With only four images, every frame carries more weight. One image that feels too different in colour, contrast or finish can disturb the rhythm of the full series.
That means consistency becomes a central part of the retouching process.
The skin finish needs to feel connected across the images. Hair texture needs to stay believable. Colour and contrast need to hold together without becoming flat. Small distractions in the background, skin, clothing or hairline all need attention.
Good competition retouching should not make the viewer think about retouching. It should help the collection feel intentional.
Retouching Without Losing Character
This series has a slightly stylised, almost illustrative quality in places. That makes restraint important.
If the retouching goes too far, the images can lose their edge. If it does not go far enough, the final collection can feel unfinished beside other award-level work.
Specialist hair retouching sits between those two points.
We refine flyaway hairs, shape edges, clean skin, control colour and polish the final image. At the same time, we protect the creative direction. The hair still needs to feel like hair.

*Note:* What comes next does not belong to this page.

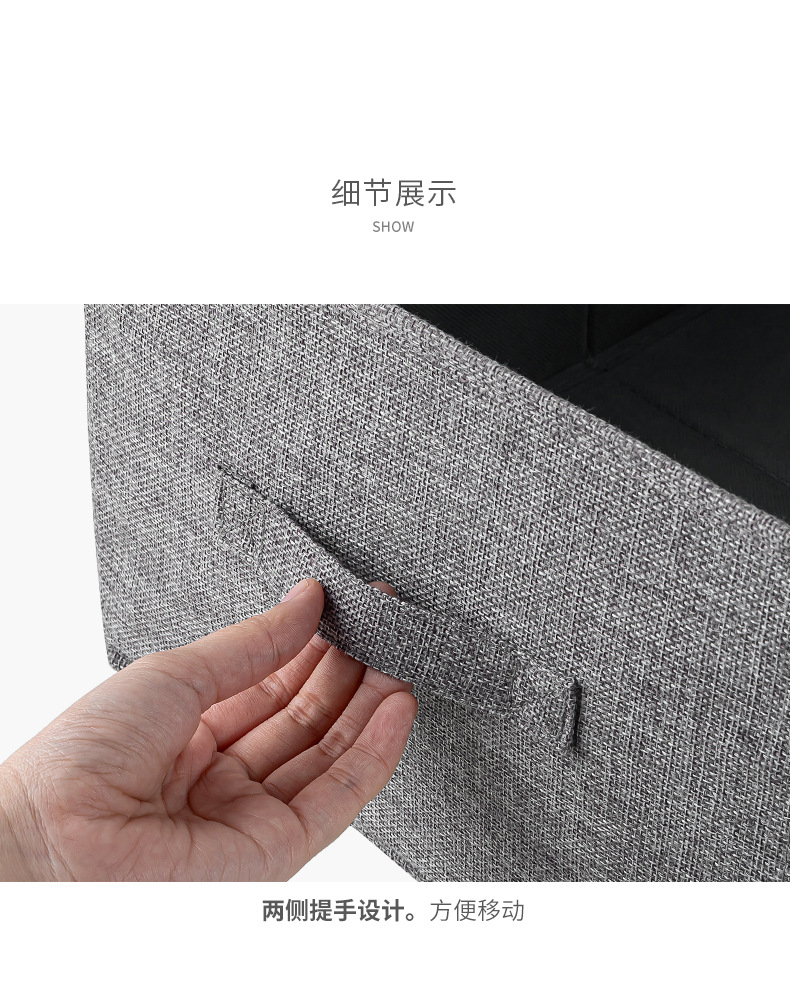 Pants storage box, wardrobe layering wonder, denim clothes compartments, clothing separation, home storage and organization box, fabric pic 9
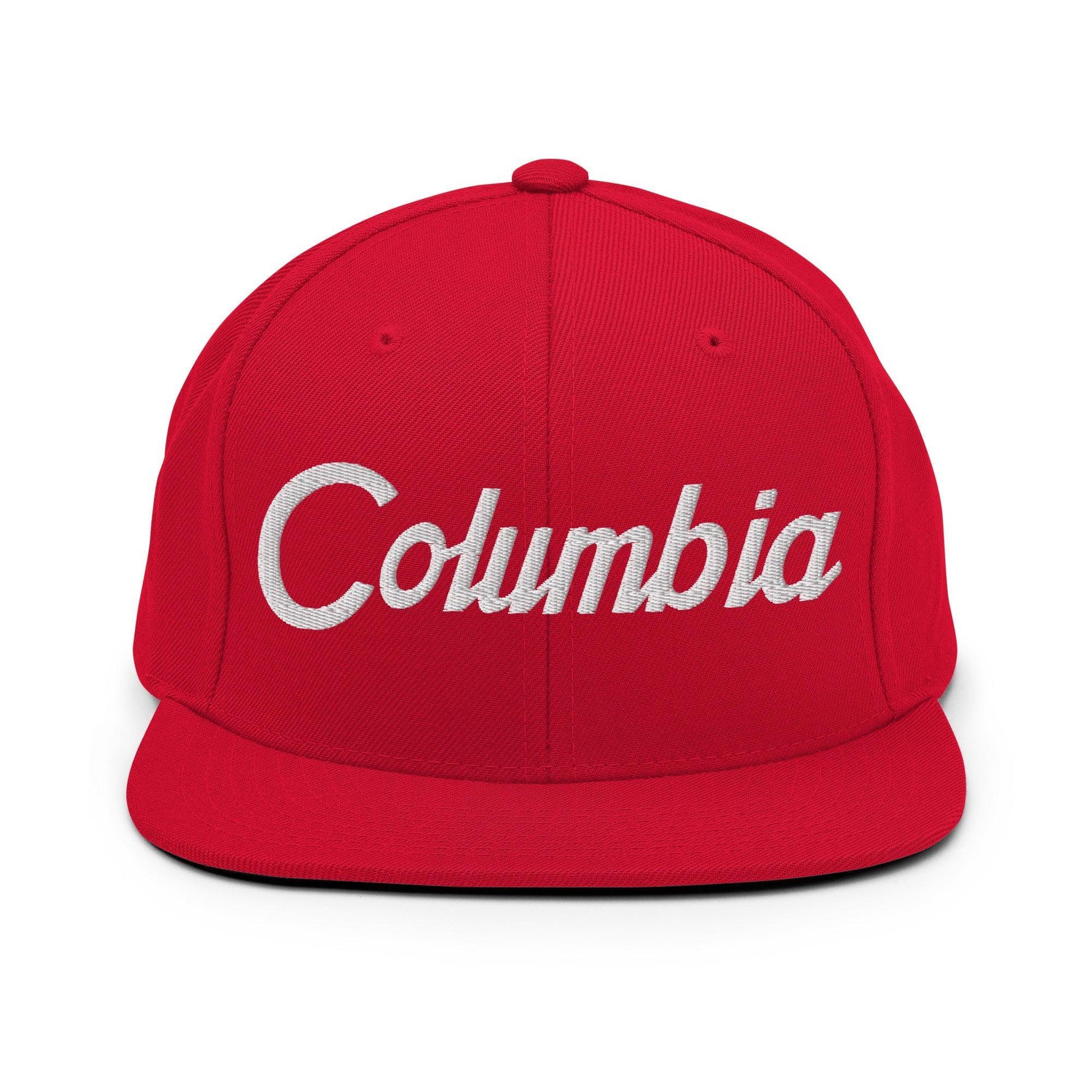 Columbia Script Snapback Hat Red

The styling still needs to feel deliberate. The image still needs to hold the energy of the original shoot.
That balance is one of the most important parts of professional hair retouching.
Specialist Hair Retouching for Competition Work
Hair retouching is different from general beauty retouching.
In beauty work, skin often becomes the main focus. In hair imagery, the hair is the subject. Skin, styling, background and colour all matter, but they have to support the hair rather than compete with it.
That changes the way the images need to be handled.
Shine, texture, shape and movement all need careful control. Retouching can easily make hair look too smooth or too artificial. It can also leave the image looking unfinished if the details are not handled properly.
Our work is about finding that balance. We clean what needs to be cleaned. We refine what needs to be refined. We help the final image reach a professional standard while keeping the hair work at the centre.
AHIA Creative 2026 Finalist Imagery
It is always a pleasure to work on imagery created for this level of presentation.
AHIA Creative finalist collections require a polished final result, but they also need respect for the craft behind the image. The retouching should support the hairdresser, the photographer and the wider creative direction without overpowering the work.
This collection is part of a wider body of Australian hair awards imagery we are adding to the studio portfolio and blog.
Each series has its own visual language. Some are bold and colourful. Some are clean and controlled. Some are more experimental. The role of the retouching changes with each project, but the aim stays the same: careful, detailed and considered post-production for professional hair photography.
This AHIA Creative 2026 finalist collection is another example of the award-focused hair retouching work created by the studio this year.